From Lawpack's Employment Law Made Easy.

If you're dismissed without a fair reason, or without your employer following a fair procedure, this is likely to be unfair. Your dismissal will be for a potentially fair reason if it's:

  • connected to your capability or qualifications for performing your job; this covers both performance-related dismissals and sickness absence dismissals; or
  • connected to your conduct;
  • redundancy;
  • because you could not continue to work in the position which you held without breaking the law (e.g. a lorry driver losing a driving licence); or
  • connected with some other substantial reason of a kind sufficient to justify your dismissal.
If the reason or principal reason for dismissal is one of the above, the next step is to consider whether under the circumstances dismissal was actually fair or unfair.
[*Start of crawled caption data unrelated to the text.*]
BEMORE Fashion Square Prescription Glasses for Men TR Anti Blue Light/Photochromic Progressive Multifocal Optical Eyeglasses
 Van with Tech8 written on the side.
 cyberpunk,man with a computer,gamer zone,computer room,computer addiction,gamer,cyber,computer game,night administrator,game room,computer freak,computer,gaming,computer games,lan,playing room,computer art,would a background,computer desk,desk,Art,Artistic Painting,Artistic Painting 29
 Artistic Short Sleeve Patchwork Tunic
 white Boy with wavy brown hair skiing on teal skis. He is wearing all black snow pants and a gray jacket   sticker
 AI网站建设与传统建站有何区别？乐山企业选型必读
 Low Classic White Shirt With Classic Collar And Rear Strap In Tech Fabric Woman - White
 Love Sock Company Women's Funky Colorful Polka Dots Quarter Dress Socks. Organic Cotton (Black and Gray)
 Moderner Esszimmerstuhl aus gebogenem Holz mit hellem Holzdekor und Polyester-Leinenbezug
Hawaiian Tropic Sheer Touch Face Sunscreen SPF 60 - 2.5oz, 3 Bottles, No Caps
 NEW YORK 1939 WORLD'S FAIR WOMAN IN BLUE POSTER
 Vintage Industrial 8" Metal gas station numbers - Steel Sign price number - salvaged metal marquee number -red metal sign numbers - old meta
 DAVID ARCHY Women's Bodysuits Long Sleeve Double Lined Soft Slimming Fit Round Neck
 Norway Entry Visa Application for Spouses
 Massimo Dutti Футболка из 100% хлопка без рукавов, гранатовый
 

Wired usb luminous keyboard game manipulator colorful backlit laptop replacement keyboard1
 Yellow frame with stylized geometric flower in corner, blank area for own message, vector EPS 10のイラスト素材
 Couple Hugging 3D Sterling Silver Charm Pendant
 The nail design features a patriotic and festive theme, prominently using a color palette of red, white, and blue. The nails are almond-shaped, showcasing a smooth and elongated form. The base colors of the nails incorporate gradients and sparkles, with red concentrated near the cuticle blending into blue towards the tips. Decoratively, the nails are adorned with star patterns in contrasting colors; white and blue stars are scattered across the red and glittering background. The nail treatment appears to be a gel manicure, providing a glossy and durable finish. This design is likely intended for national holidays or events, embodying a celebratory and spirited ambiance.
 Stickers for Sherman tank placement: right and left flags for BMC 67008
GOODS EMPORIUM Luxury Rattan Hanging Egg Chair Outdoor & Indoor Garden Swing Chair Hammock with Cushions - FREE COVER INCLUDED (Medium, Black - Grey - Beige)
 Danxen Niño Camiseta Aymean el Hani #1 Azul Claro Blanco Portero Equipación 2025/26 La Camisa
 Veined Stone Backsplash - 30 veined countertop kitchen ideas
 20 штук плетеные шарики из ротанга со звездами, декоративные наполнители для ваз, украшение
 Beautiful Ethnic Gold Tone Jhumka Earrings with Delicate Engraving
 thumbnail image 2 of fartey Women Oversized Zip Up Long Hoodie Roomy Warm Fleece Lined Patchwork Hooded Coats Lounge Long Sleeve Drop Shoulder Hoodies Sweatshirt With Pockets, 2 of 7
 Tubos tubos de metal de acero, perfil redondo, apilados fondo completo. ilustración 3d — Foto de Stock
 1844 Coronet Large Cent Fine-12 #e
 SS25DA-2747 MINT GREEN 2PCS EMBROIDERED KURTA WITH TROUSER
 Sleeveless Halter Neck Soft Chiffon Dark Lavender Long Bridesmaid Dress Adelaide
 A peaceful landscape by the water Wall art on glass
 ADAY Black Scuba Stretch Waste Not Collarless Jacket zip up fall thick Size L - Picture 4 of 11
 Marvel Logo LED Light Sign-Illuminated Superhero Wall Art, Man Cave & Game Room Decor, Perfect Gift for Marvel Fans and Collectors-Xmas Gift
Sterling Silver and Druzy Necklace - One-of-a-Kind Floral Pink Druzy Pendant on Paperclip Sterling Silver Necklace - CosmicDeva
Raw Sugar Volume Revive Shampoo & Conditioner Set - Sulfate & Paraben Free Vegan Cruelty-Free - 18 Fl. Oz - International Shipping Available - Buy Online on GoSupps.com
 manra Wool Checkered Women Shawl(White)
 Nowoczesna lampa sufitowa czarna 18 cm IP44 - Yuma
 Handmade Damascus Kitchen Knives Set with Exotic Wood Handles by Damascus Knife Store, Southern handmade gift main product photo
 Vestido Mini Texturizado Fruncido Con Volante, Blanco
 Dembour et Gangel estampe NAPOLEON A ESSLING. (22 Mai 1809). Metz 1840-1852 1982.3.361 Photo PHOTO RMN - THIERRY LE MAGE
This depends on all the circumstances surrounding the dismissal including the size and administrative resources of your employer. One of the decisive factors at this stage is whether or not your employer followed a fair procedure.

There are some circumstances when dismissal is deemed to be automatically unfair. This is the case if dismissal is for one of the following reasons:
  • your membership or non-membership of an independent trade union or because you have taken part in activities of an independent trade union;
  • a maternity-related reason;
  • an adoption-related reason;
  • a paternity-related reason;
  • a health and safety reason;
  • because you asserted your statutory rights;
  • because you performed duties as an employee representative (or were a candidate to be an employee representative);
  • because you performed duties as a pension scheme trustee;
  • because of the transfer of an undertaking, i.e. where the ownership of the employer is transferred from one person/entity to another;
  • a spent conviction or failure to disclose a spent conviction;
  • selection for redundancy for any of the above reasons;
  • taking parental leave or taking time off for dependants;
  • making a protected disclosure (i.e. whistleblowing);
  • a National Minimum Wage reason;
  • enforcing a right to Working Family Tax Credit; or
  • taking part in protected industrial action.
In addition, since October 2004 failure by an employer to comply with statutory dispute resolution procedures will render a dismissal automatically unfair (see ' What should I do if I have a grievance about my employer's actions?' for further information).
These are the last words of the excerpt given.